The fencing between one set of neighbors on 16th Avenue NE was selected so that a significant knothole would provide a view to a perfectly framed stone lion’s head next door. This interaction between neighbors creates new clients. Two of the fences separating backyards include saloon doors that swing both ways for easy passage. Jim does all the carpentry and masonry himself, unless he is asked to collaborate with a master carpenter or professional designer. Mike Knapp would have been pleased to know he influenced Jim through the legacy of his Green Lake and Wallingford walls, their seating benches, and marvelous nooks and crannies framing both found objects and purchased statues.

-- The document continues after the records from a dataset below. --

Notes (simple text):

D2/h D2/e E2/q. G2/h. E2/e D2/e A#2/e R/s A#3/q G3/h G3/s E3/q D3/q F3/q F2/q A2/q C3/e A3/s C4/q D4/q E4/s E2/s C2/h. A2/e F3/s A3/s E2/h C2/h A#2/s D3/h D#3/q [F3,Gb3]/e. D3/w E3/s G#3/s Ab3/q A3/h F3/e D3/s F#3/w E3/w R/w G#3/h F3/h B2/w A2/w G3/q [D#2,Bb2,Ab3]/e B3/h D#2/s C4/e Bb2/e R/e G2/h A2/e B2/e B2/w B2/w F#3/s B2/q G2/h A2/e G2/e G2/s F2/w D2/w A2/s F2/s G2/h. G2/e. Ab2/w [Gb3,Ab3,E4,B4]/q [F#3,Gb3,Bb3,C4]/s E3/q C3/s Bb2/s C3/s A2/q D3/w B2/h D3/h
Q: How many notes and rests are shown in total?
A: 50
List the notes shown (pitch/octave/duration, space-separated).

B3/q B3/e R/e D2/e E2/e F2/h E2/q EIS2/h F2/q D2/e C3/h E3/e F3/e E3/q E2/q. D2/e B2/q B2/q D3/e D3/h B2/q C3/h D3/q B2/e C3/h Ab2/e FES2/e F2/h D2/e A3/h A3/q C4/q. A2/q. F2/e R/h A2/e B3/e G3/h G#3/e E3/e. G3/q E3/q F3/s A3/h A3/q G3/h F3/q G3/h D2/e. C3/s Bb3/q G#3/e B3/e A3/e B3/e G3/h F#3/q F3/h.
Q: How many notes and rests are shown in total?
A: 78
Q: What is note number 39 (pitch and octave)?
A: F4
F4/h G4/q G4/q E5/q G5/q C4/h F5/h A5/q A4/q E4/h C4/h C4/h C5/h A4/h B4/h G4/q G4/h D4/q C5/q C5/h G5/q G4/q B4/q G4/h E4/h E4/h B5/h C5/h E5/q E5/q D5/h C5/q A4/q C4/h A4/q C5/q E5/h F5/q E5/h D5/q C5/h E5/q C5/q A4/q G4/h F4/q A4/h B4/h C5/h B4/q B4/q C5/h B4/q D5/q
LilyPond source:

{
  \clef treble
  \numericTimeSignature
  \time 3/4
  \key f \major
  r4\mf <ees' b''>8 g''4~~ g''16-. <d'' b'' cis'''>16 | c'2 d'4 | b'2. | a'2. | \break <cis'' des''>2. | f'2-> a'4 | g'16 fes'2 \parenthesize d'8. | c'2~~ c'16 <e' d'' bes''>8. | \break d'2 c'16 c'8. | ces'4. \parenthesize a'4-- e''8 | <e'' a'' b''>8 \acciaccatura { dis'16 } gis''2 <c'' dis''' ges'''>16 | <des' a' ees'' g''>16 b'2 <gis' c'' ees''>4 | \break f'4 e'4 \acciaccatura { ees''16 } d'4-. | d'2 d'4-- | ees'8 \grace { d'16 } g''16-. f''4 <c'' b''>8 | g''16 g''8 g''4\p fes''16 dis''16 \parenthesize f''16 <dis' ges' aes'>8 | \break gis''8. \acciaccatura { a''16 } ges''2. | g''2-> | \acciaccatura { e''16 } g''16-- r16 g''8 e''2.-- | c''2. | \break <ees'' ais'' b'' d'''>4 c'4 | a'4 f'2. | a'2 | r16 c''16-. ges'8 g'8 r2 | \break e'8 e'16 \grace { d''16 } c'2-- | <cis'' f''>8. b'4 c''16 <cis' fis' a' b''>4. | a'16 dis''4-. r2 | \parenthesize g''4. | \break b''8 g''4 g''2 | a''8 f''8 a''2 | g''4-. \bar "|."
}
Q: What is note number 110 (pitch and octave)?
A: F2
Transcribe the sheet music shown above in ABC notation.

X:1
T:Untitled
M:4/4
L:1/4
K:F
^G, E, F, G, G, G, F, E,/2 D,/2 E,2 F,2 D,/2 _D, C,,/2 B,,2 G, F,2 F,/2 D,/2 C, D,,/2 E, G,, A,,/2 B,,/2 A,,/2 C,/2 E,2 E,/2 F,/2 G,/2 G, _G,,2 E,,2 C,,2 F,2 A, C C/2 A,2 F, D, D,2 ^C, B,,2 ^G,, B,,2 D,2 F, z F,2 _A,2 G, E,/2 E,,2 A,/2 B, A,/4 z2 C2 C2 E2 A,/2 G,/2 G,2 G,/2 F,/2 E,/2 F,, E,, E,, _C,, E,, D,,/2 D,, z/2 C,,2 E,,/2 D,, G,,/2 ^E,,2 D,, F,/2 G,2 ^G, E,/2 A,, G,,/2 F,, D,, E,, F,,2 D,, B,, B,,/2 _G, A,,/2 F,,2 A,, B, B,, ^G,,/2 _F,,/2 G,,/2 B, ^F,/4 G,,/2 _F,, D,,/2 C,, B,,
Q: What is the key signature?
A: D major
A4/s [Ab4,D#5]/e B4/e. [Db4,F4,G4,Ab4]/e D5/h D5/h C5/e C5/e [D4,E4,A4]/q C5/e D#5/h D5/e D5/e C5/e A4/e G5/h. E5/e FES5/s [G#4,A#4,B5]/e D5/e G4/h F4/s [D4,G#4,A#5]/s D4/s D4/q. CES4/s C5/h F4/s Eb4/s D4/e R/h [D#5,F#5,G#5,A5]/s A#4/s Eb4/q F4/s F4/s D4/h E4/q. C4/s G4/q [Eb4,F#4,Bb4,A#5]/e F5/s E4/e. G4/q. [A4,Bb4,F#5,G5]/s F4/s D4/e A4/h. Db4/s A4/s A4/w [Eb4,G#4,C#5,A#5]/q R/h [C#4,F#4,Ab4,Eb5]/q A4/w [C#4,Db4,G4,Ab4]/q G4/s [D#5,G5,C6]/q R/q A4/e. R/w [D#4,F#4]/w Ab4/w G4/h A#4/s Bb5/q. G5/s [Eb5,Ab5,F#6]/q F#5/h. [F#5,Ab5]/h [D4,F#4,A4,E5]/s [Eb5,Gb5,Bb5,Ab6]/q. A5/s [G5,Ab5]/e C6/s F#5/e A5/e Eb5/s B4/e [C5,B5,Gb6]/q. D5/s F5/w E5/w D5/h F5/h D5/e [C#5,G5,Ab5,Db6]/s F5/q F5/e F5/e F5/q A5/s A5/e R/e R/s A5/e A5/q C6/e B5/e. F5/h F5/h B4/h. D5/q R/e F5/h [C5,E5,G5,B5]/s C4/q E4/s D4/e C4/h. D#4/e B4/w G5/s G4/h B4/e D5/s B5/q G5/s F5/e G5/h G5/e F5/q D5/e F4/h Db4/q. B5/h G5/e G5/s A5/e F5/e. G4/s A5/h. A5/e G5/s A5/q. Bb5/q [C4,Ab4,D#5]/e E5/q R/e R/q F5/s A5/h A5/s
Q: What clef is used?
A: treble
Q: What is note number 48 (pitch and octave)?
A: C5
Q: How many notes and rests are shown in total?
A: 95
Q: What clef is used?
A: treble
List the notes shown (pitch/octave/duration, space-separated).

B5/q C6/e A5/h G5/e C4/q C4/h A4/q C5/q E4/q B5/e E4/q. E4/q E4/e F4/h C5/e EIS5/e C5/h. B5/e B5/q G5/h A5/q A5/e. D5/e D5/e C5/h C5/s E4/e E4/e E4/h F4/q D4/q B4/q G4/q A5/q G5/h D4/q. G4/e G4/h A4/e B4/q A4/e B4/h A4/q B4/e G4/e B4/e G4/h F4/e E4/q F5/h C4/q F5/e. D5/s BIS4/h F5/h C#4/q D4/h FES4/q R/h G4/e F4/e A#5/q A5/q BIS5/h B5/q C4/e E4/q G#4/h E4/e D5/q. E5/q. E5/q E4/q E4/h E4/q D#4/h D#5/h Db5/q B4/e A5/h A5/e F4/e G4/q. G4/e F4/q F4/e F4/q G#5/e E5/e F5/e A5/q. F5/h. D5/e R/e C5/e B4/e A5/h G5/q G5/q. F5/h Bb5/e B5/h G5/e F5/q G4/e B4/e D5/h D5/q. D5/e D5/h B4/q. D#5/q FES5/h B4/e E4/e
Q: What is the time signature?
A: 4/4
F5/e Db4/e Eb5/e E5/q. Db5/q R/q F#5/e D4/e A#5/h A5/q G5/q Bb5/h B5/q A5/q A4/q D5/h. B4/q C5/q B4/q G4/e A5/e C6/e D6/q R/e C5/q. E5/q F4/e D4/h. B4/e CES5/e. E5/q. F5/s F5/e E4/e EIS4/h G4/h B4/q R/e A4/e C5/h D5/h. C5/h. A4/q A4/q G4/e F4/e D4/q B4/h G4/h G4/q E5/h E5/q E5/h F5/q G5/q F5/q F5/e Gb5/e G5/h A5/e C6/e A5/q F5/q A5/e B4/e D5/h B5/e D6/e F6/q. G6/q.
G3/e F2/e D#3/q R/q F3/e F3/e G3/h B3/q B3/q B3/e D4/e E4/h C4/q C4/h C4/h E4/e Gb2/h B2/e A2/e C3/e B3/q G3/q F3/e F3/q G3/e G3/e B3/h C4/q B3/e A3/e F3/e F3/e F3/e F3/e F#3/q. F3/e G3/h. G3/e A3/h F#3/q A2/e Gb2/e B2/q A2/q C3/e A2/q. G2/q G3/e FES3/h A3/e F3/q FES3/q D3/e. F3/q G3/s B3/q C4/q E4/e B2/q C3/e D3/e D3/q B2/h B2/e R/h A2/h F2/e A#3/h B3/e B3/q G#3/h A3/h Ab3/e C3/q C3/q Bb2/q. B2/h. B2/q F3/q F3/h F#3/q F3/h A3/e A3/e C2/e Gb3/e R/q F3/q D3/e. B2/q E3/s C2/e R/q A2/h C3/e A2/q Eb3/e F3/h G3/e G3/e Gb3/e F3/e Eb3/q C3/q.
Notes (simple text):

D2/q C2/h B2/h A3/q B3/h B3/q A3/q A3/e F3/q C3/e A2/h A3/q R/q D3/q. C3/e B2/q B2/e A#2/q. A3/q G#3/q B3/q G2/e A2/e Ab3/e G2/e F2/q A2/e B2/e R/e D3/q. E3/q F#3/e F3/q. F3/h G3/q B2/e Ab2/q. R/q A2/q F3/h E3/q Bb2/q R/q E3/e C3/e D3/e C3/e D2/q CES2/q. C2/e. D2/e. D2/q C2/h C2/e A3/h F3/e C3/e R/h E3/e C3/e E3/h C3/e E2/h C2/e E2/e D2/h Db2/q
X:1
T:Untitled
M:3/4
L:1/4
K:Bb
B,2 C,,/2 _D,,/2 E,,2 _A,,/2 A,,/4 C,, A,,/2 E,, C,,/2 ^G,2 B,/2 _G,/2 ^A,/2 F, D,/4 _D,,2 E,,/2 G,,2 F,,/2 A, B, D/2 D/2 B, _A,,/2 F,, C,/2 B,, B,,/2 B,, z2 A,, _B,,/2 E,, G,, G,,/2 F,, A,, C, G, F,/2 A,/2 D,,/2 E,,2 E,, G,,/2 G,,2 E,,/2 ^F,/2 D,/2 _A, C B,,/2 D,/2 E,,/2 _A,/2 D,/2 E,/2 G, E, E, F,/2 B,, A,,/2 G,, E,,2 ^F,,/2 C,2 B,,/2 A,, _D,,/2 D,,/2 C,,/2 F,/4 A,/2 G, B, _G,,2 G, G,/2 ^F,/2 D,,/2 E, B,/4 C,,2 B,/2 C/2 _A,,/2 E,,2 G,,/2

Contrasting large and small stones in a 16th Avenue NW wall are typical of walls by Jim DuBois
Contrasting large and small stones in a 16th Avenue NW wall are typical of walls by Jim DuBois
The rounded stones incorporated in this low wall are the mark of Jim DuBois
The rounded stones incorporated in this low wall are the mark of Jim DuBois

Jim and Mike have shown themselves especially capable of constructing more from less, with grace and a lighthearted touch. Working at their own pace, they contrasted large stone with small and kidscapes with fountains. All of this speaks to a shared sense of whimsy and a reverence for stone. Jim has ventured further afield, building non-traditional structures such as a rustic garden shed with wine-bottle lights, and stone plinths around Weber barbeque grills. Both have excelled as gentlemen in their working relationships with clients and colleagues. Their artistic legacies remain manifest in Lynch Creek basalt, and Lummi blue glaciated rock walls that create privacy, showcase plantings, and socialize a neighborhood. Streets that have received their gifts give back to their residents and passersby alike. The public part of gardening is this sidewalk of delights, manifesting joy in the magical stroke of hammer against rock.